- **Work order**: Each entry must appear in the answer exactly as written.

BEGIN Material for the task

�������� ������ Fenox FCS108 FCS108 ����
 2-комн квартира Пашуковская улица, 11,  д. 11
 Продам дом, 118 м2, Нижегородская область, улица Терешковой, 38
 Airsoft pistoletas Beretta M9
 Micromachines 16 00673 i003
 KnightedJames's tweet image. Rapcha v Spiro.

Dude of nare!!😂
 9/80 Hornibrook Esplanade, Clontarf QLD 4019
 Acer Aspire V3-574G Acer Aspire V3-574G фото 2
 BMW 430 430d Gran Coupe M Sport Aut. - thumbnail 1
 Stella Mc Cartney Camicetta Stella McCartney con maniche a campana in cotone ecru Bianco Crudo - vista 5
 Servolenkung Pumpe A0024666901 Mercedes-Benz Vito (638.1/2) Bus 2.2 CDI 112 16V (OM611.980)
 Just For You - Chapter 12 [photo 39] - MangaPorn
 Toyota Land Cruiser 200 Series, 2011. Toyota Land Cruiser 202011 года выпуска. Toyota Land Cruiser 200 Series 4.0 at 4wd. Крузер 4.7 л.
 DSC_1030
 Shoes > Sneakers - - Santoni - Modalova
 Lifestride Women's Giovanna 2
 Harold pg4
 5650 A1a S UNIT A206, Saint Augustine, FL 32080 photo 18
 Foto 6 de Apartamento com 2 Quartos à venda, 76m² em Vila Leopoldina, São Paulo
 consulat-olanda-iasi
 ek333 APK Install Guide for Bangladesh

END Material for the task

- **Response for this exercise**:
�������� ������ Fenox FCS108 FCS108 ����
 2-комн квартира Пашуковская улица, 11,  д. 11
 Продам дом, 118 м2, Нижегородская область, улица Терешковой, 38
 Airsoft pistoletas Beretta M9
 Micromachines 16 00673 i003
 KnightedJames's tweet image. Rapcha v Spiro.

Dude of nare!!😂
 9/80 Hornibrook Esplanade, Clontarf QLD 4019
 Acer Aspire V3-574G Acer Aspire V3-574G фото 2
 BMW 430 430d Gran Coupe M Sport Aut. - thumbnail 1
 Stella Mc Cartney Camicetta Stella McCartney con maniche a campana in cotone ecru Bianco Crudo - vista 5
 Servolenkung Pumpe A0024666901 Mercedes-Benz Vito (638.1/2) Bus 2.2 CDI 112 16V (OM611.980)
 Just For You - Chapter 12 [photo 39] - MangaPorn
 Toyota Land Cruiser 200 Series, 2011. Toyota Land Cruiser 202011 года выпуска. Toyota Land Cruiser 200 Series 4.0 at 4wd. Крузер 4.7 л.
 DSC_1030
 Shoes > Sneakers - - Santoni - Modalova
 Lifestride Women's Giovanna 2
 Harold pg4
 5650 A1a S UNIT A206, Saint Augustine, FL 32080 photo 18
 Foto 6 de Apartamento com 2 Quartos à venda, 76m² em Vila Leopoldina, São Paulo
 consulat-olanda-iasi
 ek333 APK Install Guide for Bangladesh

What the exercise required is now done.